• Prompt: Where in the data does the word "Toyota" appear? Find those lines and copy them.

______

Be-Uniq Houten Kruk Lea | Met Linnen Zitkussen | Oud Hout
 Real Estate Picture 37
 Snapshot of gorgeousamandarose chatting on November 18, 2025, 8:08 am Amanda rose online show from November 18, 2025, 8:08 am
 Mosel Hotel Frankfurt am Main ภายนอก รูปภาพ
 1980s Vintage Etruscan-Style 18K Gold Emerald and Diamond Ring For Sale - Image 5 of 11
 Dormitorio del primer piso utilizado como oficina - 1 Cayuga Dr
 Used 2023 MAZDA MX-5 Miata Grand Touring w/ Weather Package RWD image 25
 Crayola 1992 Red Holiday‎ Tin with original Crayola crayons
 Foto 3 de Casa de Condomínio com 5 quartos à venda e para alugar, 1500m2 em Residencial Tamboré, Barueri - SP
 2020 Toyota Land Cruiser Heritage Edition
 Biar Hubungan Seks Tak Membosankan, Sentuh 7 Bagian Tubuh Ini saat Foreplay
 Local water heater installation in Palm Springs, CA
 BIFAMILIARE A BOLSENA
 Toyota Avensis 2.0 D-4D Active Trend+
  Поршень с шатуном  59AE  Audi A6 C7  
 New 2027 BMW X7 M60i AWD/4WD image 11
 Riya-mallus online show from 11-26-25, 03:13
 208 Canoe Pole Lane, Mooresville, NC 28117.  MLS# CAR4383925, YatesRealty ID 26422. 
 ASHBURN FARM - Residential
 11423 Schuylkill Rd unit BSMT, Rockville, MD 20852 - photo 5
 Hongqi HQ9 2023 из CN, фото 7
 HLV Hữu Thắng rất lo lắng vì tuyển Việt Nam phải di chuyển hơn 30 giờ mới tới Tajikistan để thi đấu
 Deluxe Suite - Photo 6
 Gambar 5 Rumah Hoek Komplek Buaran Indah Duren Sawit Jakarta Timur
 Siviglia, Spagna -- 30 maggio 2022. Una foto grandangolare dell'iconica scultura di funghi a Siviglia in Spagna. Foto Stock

______

• Solution to the problem:
 2020 Toyota Land Cruiser Heritage Edition
 Toyota Avensis 2.0 D-4D Active Trend+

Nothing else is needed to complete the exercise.